--- Problem description ---
Any images in the records should be skipped; transcribe the rest exactly.

─── Supplied material

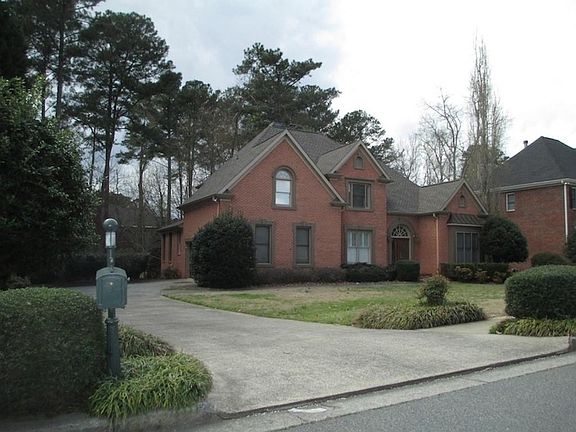 2nd image of 619 Owl Creek Dr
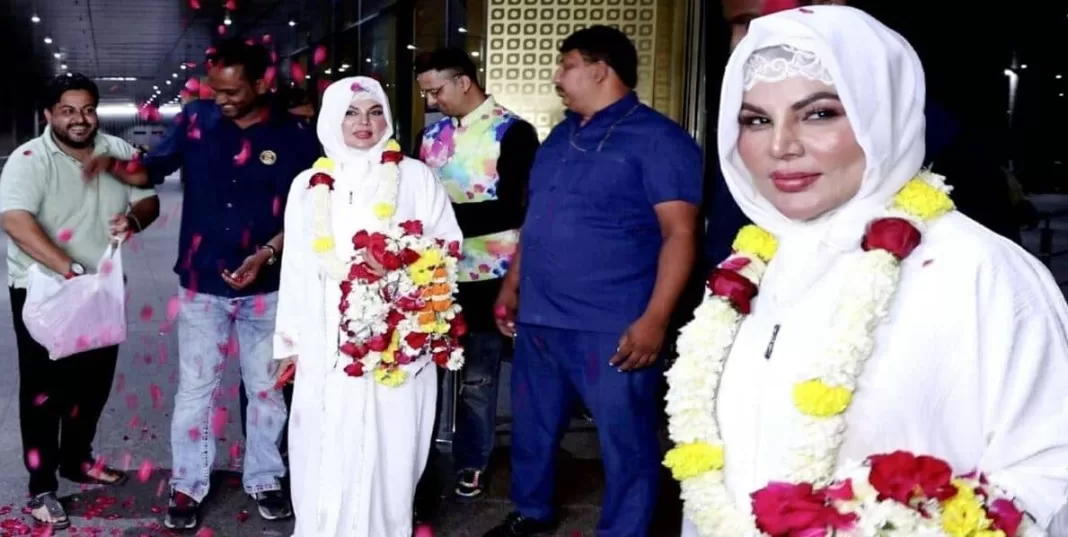 Rakhi, Now 'Fatima', Returns from Umrah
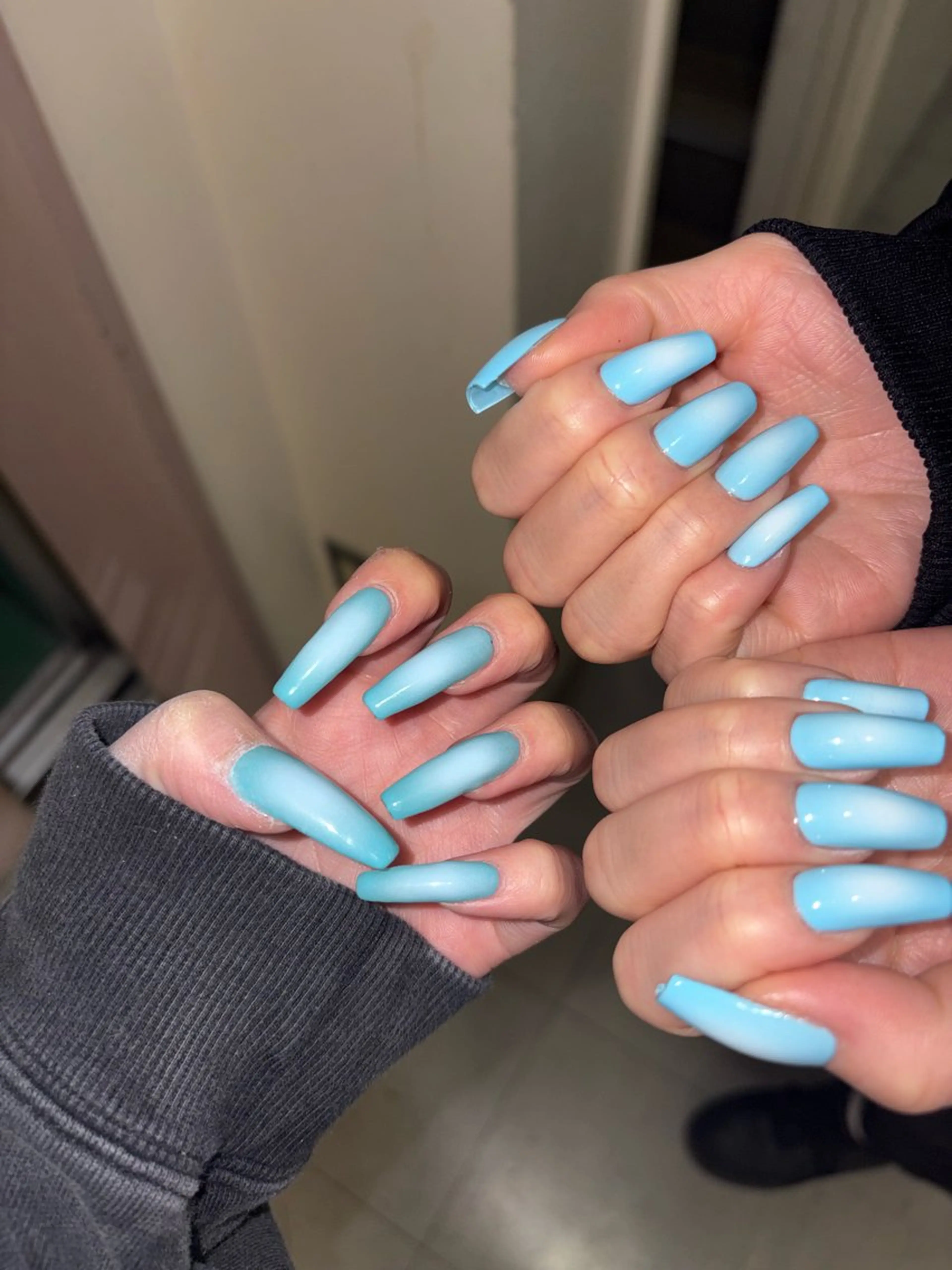 ネイル おそろいネイル ハンドネイル 33nail✴️栄 スミレ❇️Gel-xのネイルデザイン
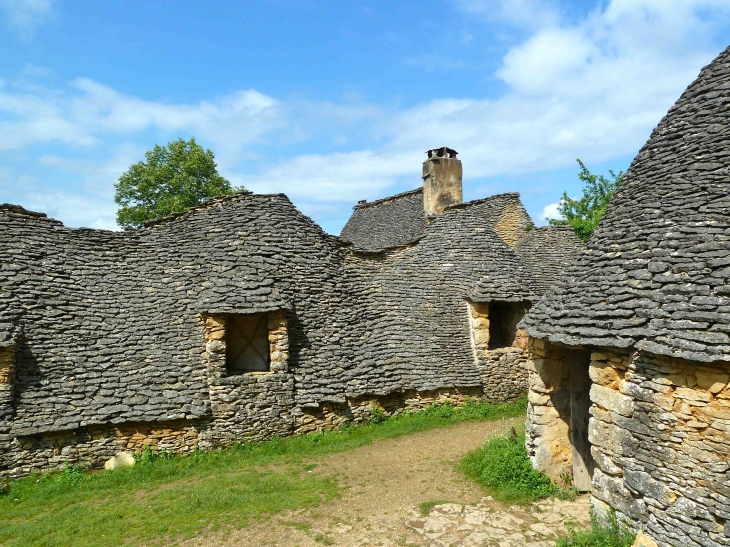 Les Cabanes du Breuil ont pour particularité d'être couvertes d'une voûte encorbellée en pierre sèche revêtue d'une toiture de lauses et de s'agglutiner les unes aux autres. - Saint-André-d'Allas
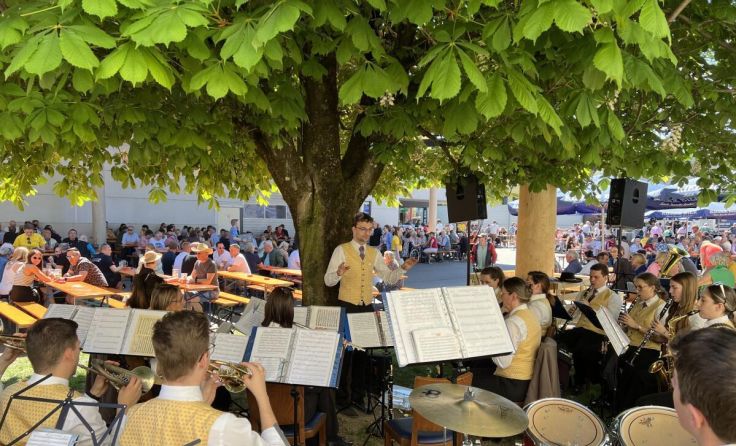 Die Stadtkapelle Ried bei ihrem Auftritt beim Maibaumfest. (Foto: Stadtkapelle Ried)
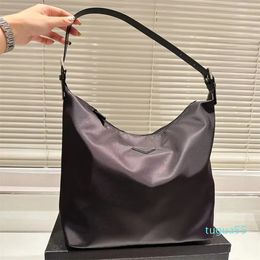 2023 woman nylon tote bag designer bag shoulder bags fashion handbag purse handbags travel totes Large Capacity Black
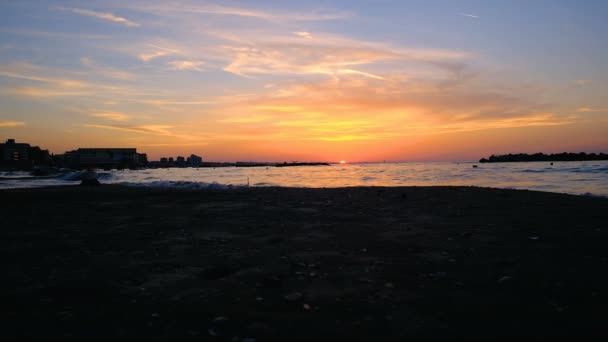 明るい色と海とリミニビーチの美しい夕日 — ストック動画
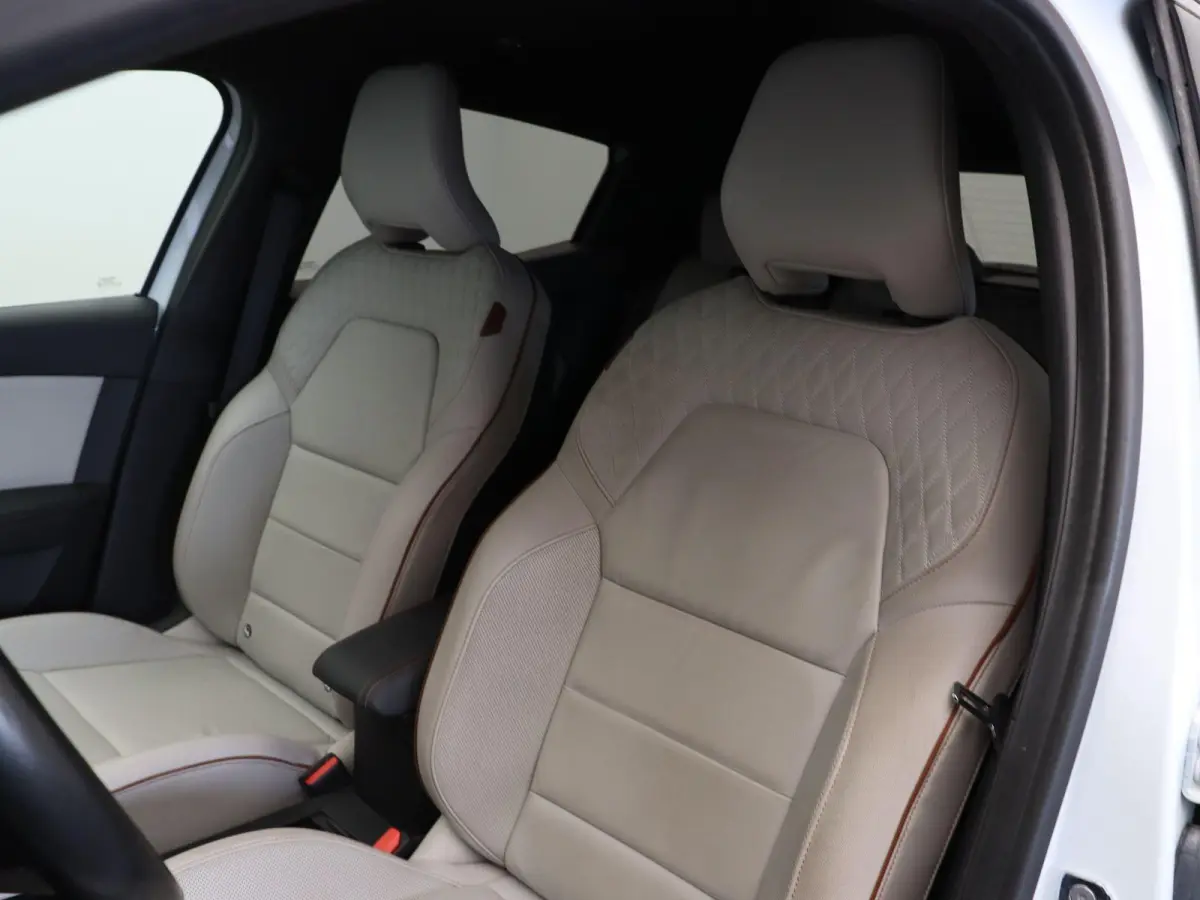 E-Tech Hybrid 140pk Initiale Paris | Stoel- en stuurwielverwarming | Lederen bekleding | Achteruitrijcamera | Apple Carplay / Android Auto |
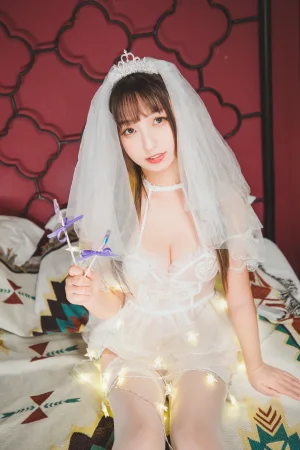 神楽坂真冬《第三季 序号19：《光の囁き》光の修女》主题写真：150张全套美图，含2个视频
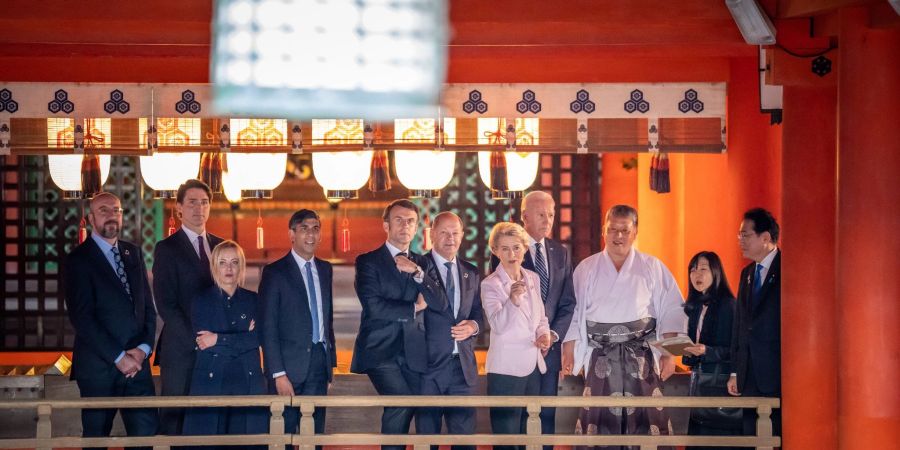 Besuch im Itsukushima-Schrein auf der Insel Miyajima.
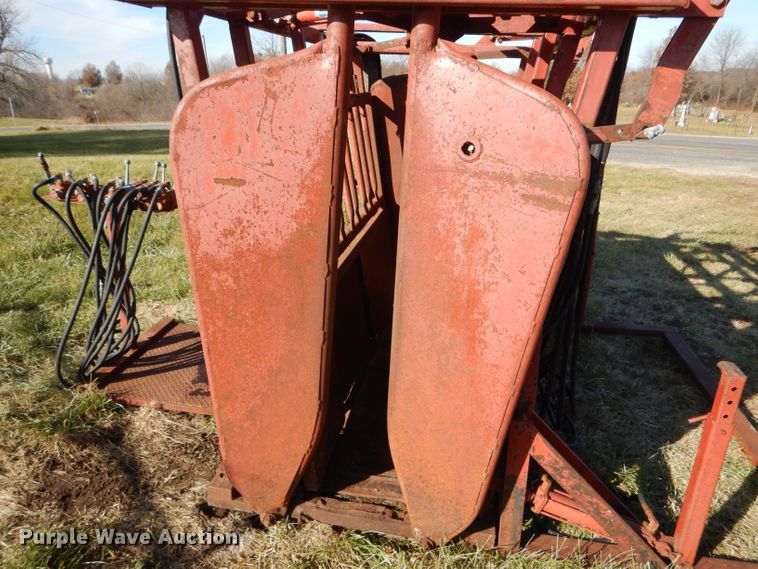 image for item DH6891 Bowman turn table and squeeze chute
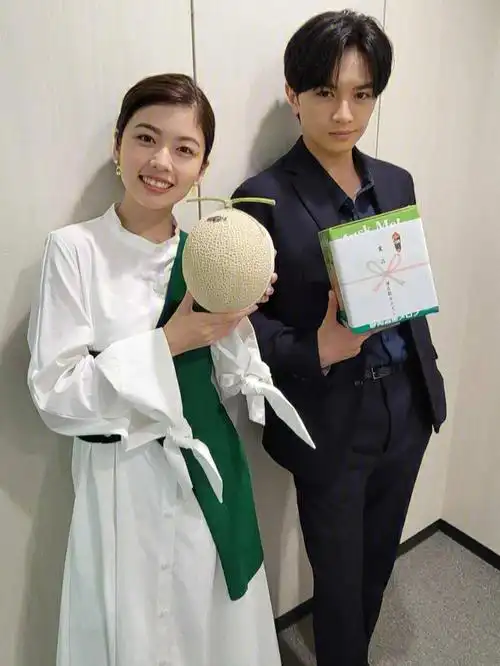 日剧剧照她很漂亮中岛健人和小芝风花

──────

--- Output of the exercise ---
 2nd image of 619 Owl Creek Dr
 Rakhi, Now 'Fatima', Returns from Umrah
 ネイル おそろいネイル ハンドネイル 33nail✴️栄 スミレ❇️Gel-xのネイルデザイン
 Les Cabanes du Breuil ont pour particularité d'être couvertes d'une voûte encorbellée en pierre sèche revêtue d'une toiture de lauses et de s'agglutiner les unes aux autres. - Saint-André-d'Allas
 Die Stadtkapelle Ried bei ihrem Auftritt beim Maibaumfest. (Foto: Stadtkapelle Ried)
 2023 woman nylon tote bag designer bag shoulder bags fashion handbag purse handbags travel totes Large Capacity Black
 明るい色と海とリミニビーチの美しい夕日 — ストック動画
 E-Tech Hybrid 140pk Initiale Paris | Stoel- en stuurwielverwarming | Lederen bekleding | Achteruitrijcamera | Apple Carplay / Android Auto |
 神楽坂真冬《第三季 序号19：《光の囁き》光の修女》主题写真：150张全套美图，含2个视频
 Besuch im Itsukushima-Schrein auf der Insel Miyajima.
 image for item DH6891 Bowman turn table and squeeze chute
 日剧剧照她很漂亮中岛健人和小芝风花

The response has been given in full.